The findings of US News are consistent with other recent looks at college debt. An Urban Institute study found that “households in the top quartile of the income distribution, with incomes above $81,140 in 2016, held about half of all outstanding education debt. The top 10 percent of households, with incomes of $144,720 or higher, held 24 percent of the debt.”
It may seem quite appropriate‚ even progressive, that richer families have the largest loan balances as their children finish their college educations. Digging deeper, though, there’s more for policymakers to worry about. According to Libassi, “The folks who face the most dire consequence for taking out debt are generally not the people who take out the most debt, but those who take out the least and don’t finish.”
If a state provides affordable higher education, that can help ameliorate the problems associated with taking on debt. and the best way to accomplish this is for states to invest in the quality of their higher education systems, have the programs needed to ensure students are successful, and keep their tuitions at reasonable levels.
US News’ data set shows that even in wealthy states, this investment has not been there.

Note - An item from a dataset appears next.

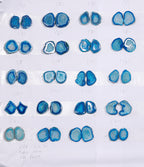 Geode Pairs (Earring) by Selection 25-30 mm  Aqua Color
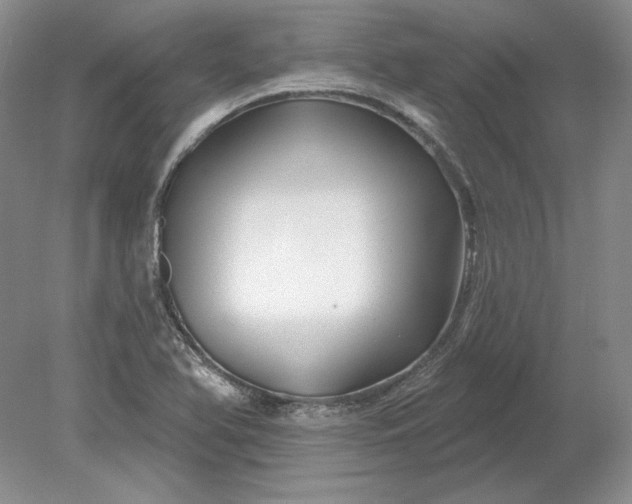 X0000079291366200612011713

Overall state funding for public two- and four-year colleges in the 2017 school year was nearly $9 billion below what it was a decade ago in 2008, prior to the Great Recession, according to the Center on Budget and Policy Priorities—a funding decline that’s contributed to higher tuition, among other things. As a result, tuition at four-year public colleges has risen by an average of $2,484, or about 35 percent, since 2008 school year.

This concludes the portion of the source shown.